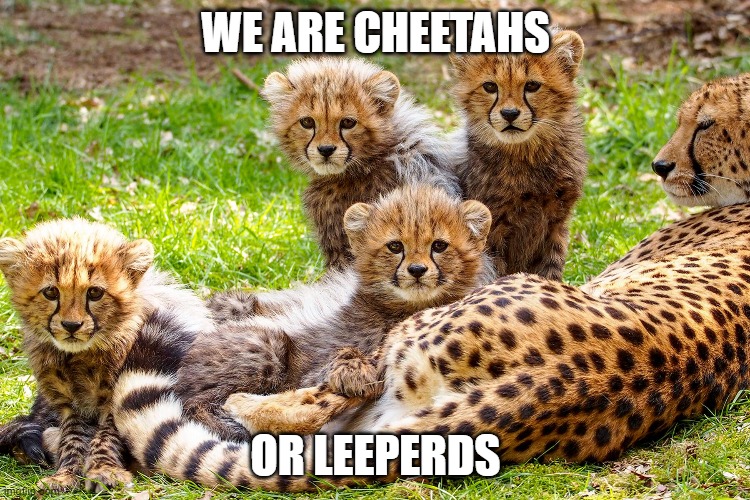 cheetahs | WE ARE CHEETAHS; OR LEEPERDS | made w/ Imgflip meme maker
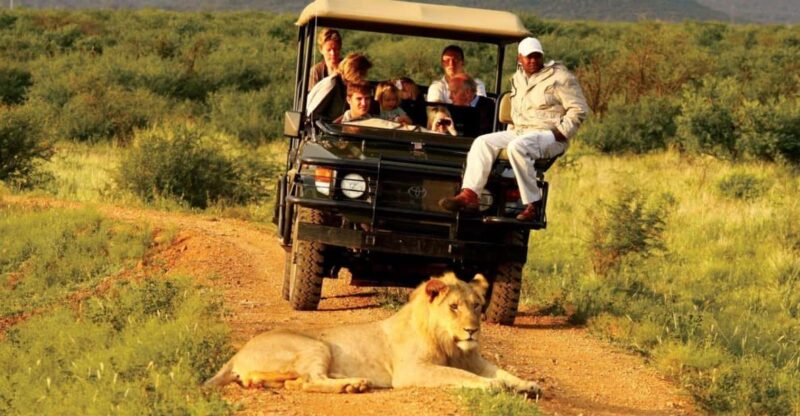 10 Day Private Safari : Johannesburg to Cape Town - Kruger National Park Safari
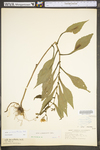 Symphyotrichum prenanthoides by WV University Herbarium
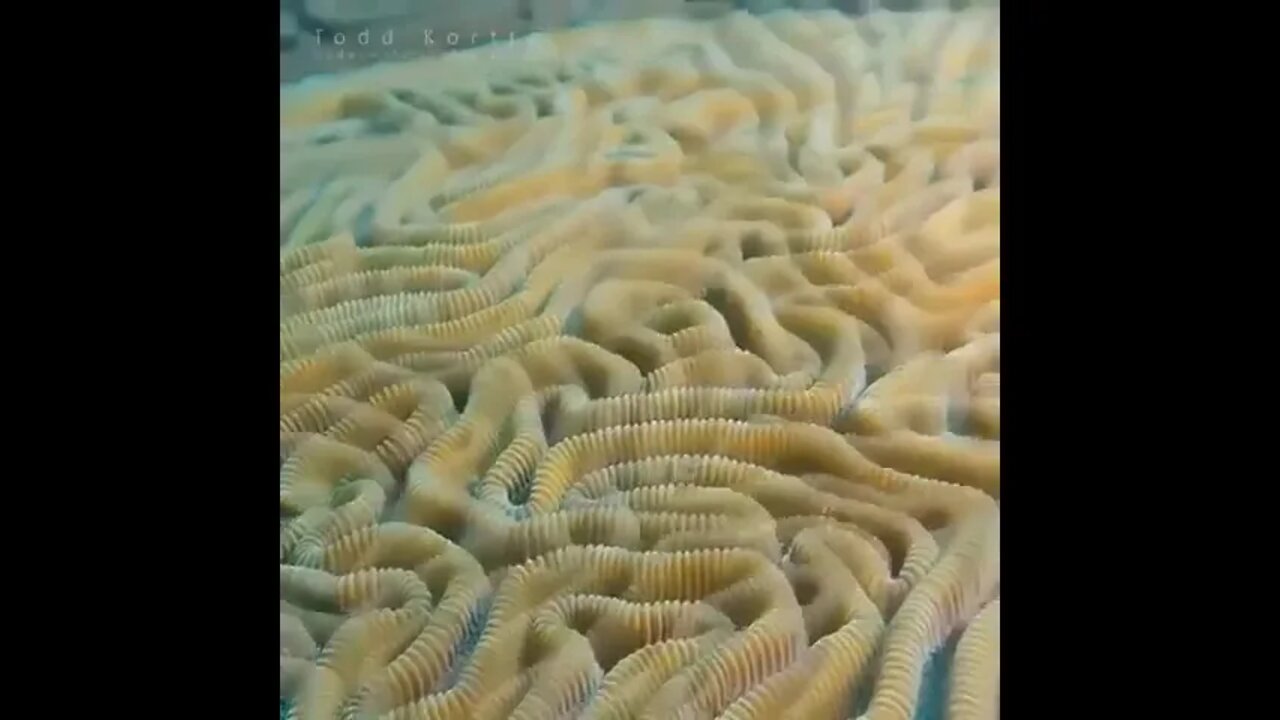 Brain corals are found in shallow warm water coral reefs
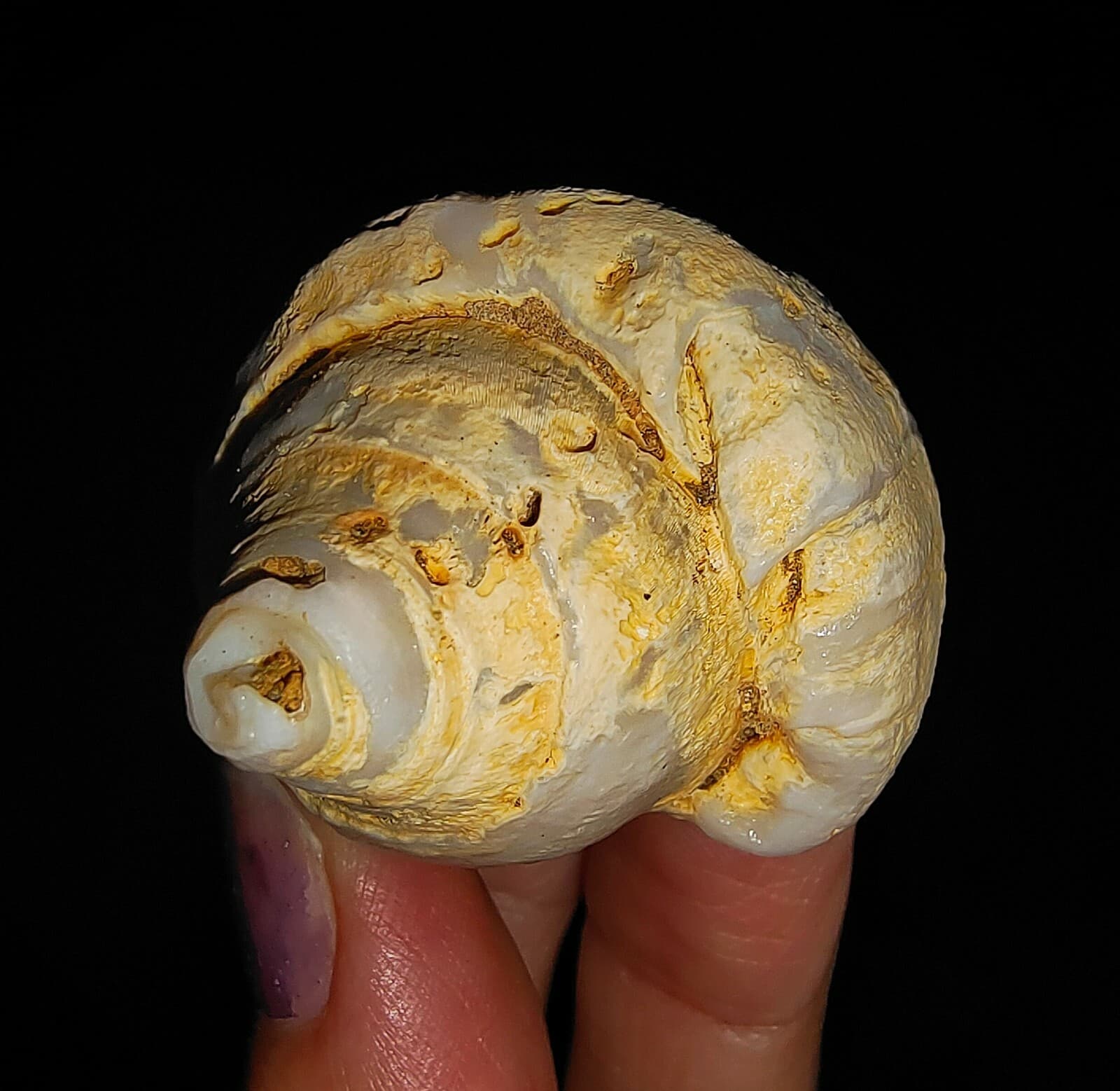 SEA SHELL FOSSIL, GASTROPODA FASCIOLARIDAE, FROM JAVA, INDONESIA, 66MM 5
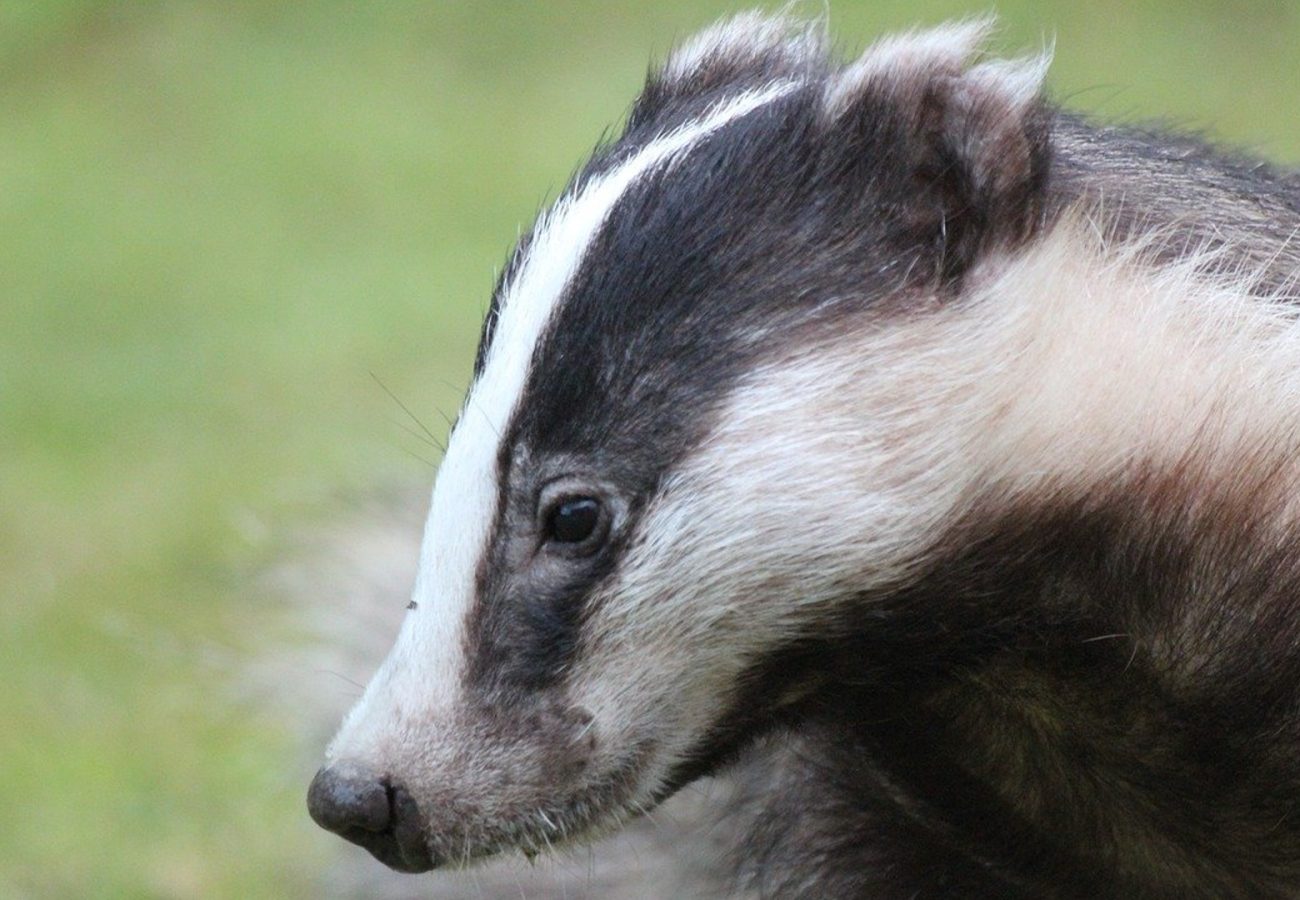 A close up portrait shot of a wild badger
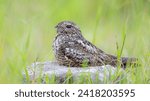 Common nighthawk sitting on a rock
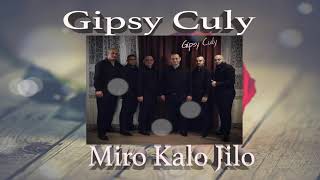 Miniatura de vídeo de "Gipsy Culy      Miro kalo Jilo     Cover GSB Band"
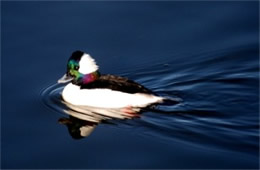 Bucephala albeola - Bufflehead Duck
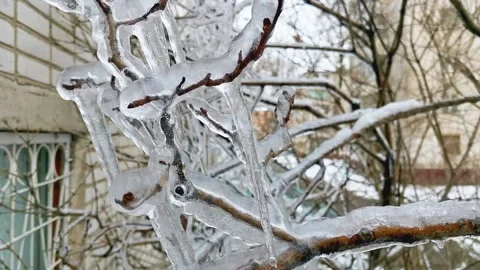 A branch in the ice swings Stock Footage 154148319
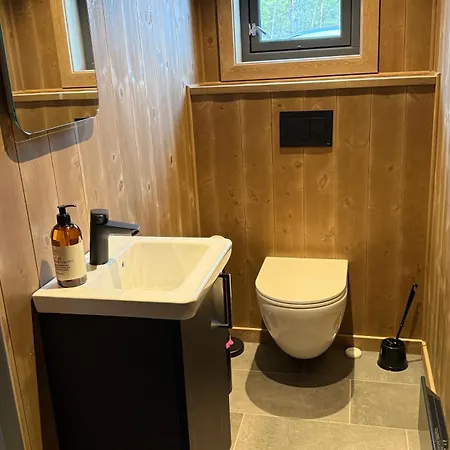 Brand-new For Rent At Lemonsjoen *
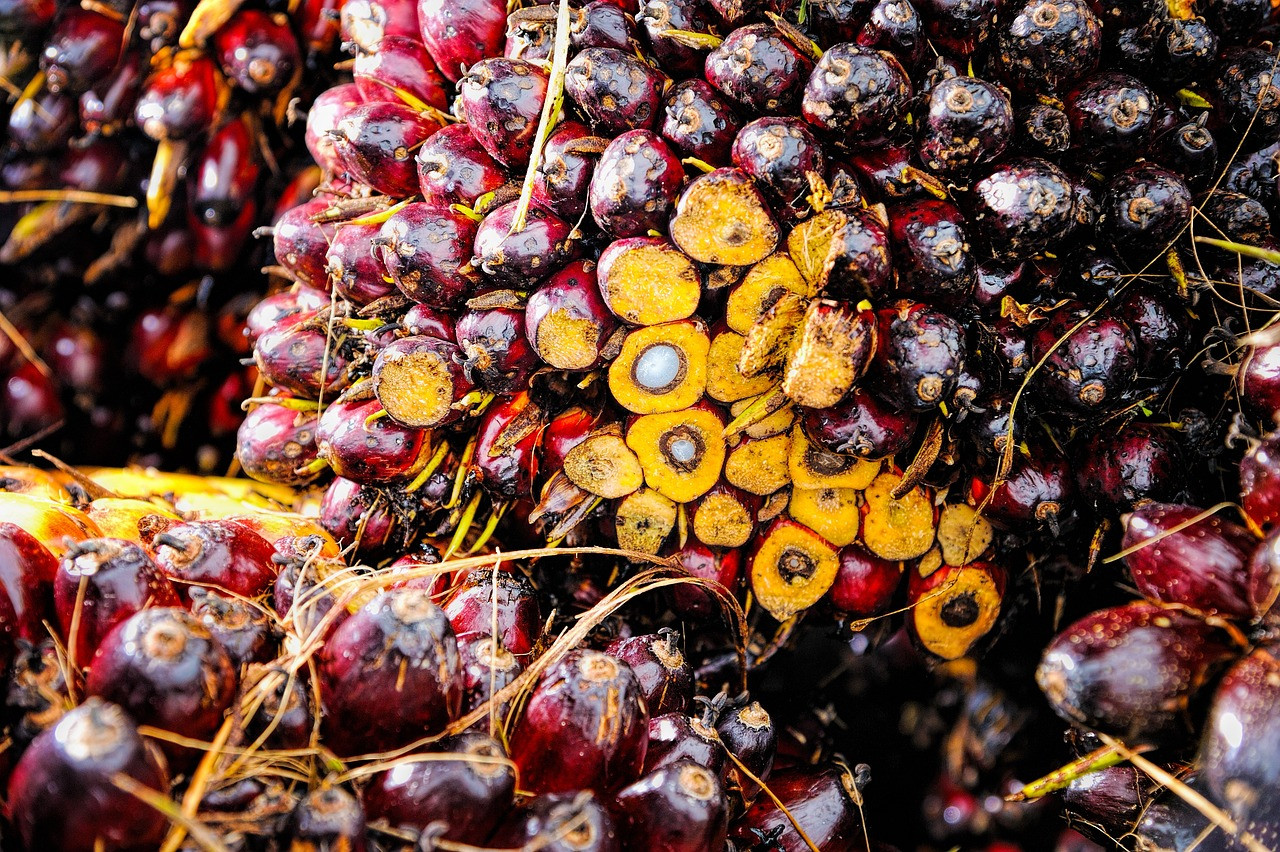 Representative image: oil palm plantation fruit bunches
•••
» Exercise instructions
Above are the records; repeat their lines from the first through the line containing "Common nighthawk sitting on a rock", and leave out each picture.

» Expected answer
 cheetahs | WE ARE CHEETAHS; OR LEEPERDS | made w/ Imgflip meme maker
 10 Day Private Safari : Johannesburg to Cape Town - Kruger National Park Safari
 Symphyotrichum prenanthoides by WV University Herbarium
 Brain corals are found in shallow warm water coral reefs
 SEA SHELL FOSSIL, GASTROPODA FASCIOLARIDAE, FROM JAVA, INDONESIA, 66MM 5
 A close up portrait shot of a wild badger
 Common nighthawk sitting on a rock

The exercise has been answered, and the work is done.